> _WHAT IS NEEDED_:
List all lines of the data that include the string "video".

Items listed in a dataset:
== Segment start ==
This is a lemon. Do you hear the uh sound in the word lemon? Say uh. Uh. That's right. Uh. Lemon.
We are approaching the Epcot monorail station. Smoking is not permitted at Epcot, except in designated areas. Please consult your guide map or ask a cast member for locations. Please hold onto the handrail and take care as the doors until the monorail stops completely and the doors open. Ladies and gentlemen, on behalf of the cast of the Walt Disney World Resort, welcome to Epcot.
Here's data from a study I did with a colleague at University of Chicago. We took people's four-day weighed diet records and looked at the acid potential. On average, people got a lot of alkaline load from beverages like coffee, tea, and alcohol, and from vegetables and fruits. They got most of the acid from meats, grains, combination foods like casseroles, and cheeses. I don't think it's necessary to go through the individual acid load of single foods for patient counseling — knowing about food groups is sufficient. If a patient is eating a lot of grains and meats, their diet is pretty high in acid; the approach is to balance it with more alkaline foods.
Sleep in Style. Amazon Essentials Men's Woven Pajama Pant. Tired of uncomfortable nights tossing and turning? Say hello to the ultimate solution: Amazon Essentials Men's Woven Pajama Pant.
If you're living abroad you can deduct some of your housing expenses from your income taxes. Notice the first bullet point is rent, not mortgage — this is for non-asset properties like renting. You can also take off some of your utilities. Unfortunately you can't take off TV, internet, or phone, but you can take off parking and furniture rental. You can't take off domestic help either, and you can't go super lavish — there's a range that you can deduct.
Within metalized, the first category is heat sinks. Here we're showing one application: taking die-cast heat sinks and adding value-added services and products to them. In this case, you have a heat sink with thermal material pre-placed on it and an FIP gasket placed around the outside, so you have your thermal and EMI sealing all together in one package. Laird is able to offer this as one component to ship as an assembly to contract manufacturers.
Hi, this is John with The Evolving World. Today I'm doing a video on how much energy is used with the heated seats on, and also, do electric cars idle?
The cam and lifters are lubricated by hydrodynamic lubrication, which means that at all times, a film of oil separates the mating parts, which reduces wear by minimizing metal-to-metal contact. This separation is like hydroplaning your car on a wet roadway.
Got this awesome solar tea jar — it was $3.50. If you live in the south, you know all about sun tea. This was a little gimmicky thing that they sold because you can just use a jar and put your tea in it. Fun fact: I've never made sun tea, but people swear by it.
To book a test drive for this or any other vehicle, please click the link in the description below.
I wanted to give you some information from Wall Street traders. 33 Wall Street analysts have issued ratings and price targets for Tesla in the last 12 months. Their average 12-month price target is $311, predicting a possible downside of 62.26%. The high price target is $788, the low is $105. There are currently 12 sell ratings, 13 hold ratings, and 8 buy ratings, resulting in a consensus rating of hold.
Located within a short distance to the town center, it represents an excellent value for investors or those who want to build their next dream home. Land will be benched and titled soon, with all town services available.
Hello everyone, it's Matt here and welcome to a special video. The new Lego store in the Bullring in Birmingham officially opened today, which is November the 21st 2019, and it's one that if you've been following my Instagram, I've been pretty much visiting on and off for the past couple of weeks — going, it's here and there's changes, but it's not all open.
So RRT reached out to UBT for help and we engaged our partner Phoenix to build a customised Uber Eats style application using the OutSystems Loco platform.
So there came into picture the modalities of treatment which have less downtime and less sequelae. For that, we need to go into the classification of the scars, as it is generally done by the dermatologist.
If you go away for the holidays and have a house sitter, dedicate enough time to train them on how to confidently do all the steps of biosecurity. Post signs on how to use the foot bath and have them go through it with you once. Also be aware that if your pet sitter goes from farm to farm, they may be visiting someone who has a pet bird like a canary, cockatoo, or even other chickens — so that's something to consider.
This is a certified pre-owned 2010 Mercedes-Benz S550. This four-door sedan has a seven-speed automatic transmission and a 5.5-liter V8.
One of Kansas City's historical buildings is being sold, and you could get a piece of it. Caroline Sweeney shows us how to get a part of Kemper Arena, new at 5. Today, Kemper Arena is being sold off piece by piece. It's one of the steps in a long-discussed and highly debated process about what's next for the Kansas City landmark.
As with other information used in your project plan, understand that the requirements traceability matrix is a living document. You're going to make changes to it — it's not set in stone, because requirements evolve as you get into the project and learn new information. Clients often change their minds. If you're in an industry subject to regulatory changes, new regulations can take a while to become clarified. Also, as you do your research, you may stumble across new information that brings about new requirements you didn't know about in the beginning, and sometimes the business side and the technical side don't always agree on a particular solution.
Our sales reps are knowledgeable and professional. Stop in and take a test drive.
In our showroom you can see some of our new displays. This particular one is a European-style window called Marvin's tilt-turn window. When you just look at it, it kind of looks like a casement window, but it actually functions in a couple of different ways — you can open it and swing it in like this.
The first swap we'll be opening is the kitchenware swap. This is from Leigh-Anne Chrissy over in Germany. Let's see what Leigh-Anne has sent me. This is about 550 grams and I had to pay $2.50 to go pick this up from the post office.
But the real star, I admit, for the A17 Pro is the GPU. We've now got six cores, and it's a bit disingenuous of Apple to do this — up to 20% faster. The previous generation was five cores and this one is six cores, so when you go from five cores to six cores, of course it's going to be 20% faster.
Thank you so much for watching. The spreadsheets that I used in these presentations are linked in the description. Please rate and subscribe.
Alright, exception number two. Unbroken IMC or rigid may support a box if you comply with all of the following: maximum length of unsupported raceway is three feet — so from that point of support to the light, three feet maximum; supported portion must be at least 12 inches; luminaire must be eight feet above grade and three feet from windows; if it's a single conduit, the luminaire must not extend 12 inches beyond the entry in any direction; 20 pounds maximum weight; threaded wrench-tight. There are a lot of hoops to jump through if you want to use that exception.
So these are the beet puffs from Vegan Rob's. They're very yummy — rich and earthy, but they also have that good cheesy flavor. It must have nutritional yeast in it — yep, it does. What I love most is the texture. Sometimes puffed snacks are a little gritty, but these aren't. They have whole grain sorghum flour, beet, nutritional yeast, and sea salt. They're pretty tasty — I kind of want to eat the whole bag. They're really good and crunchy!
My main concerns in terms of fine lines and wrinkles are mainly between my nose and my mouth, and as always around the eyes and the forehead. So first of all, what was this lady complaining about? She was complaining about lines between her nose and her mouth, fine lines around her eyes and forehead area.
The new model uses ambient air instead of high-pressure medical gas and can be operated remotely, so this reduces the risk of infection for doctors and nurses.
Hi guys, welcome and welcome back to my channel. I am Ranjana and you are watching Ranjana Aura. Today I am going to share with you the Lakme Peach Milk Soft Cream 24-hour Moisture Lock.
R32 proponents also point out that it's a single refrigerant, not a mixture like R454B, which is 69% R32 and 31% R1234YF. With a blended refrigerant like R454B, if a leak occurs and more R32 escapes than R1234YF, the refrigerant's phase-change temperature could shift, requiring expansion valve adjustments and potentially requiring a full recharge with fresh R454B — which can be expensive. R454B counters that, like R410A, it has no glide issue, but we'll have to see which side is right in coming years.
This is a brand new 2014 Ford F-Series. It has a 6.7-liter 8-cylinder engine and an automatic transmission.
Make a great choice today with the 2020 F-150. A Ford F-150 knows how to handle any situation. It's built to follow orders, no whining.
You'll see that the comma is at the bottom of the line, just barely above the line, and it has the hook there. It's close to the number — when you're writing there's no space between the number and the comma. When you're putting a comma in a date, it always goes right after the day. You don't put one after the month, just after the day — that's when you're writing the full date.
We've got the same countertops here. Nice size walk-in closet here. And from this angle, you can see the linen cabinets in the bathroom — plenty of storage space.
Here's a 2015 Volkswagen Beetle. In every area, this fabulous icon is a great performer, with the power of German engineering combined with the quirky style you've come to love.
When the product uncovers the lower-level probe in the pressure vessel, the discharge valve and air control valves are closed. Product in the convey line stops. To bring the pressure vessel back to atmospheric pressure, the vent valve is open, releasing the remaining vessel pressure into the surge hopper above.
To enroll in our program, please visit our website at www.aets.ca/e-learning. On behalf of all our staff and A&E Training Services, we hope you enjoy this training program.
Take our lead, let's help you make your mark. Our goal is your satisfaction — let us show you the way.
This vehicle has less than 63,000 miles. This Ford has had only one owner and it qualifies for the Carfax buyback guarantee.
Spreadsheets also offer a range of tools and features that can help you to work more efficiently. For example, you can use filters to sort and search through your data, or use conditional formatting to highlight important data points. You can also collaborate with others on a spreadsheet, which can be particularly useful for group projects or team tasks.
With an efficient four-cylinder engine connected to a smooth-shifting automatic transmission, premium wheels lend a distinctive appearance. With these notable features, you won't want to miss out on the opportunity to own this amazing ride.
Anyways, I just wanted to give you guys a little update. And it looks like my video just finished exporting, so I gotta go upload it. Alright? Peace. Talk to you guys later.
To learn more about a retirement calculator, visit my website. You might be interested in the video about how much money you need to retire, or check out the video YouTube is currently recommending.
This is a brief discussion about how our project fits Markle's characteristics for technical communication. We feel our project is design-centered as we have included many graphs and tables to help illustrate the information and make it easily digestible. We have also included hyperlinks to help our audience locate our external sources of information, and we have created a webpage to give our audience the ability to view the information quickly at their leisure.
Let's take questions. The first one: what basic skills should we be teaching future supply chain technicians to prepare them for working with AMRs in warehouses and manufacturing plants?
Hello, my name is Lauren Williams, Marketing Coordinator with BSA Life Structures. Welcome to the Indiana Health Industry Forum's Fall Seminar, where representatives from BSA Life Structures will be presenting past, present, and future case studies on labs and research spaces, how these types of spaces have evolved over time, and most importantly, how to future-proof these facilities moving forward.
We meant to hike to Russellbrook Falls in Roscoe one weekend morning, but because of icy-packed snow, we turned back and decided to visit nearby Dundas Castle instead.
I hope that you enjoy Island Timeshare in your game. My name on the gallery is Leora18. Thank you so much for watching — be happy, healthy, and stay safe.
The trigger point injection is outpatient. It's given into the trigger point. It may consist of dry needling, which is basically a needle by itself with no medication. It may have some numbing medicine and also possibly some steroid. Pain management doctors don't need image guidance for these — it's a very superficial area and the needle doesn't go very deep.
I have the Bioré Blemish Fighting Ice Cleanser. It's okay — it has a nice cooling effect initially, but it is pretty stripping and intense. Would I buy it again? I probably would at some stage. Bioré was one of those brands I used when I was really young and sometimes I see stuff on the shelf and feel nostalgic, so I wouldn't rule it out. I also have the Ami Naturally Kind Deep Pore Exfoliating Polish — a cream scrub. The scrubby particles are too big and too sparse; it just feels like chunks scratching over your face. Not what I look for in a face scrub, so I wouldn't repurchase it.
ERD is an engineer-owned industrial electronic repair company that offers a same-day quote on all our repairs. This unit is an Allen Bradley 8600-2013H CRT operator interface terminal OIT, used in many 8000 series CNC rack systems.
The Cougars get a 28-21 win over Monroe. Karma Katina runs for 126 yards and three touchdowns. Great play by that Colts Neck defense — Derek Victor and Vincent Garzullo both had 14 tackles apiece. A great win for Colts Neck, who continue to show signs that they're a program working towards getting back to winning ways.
== Segment end ==
> _EXERCISE RESULT_:
Hi, this is John with The Evolving World. Today I'm doing a video on how much energy is used with the heated seats on, and also, do electric cars idle?
Hello everyone, it's Matt here and welcome to a special video. The new Lego store in the Bullring in Birmingham officially opened today, which is November the 21st 2019, and it's one that if you've been following my Instagram, I've been pretty much visiting on and off for the past couple of weeks — going, it's here and there's changes, but it's not all open.
Anyways, I just wanted to give you guys a little update. And it looks like my video just finished exporting, so I gotta go upload it. Alright? Peace. Talk to you guys later.
To learn more about a retirement calculator, visit my website. You might be interested in the video about how much money you need to retire, or check out the video YouTube is currently recommending.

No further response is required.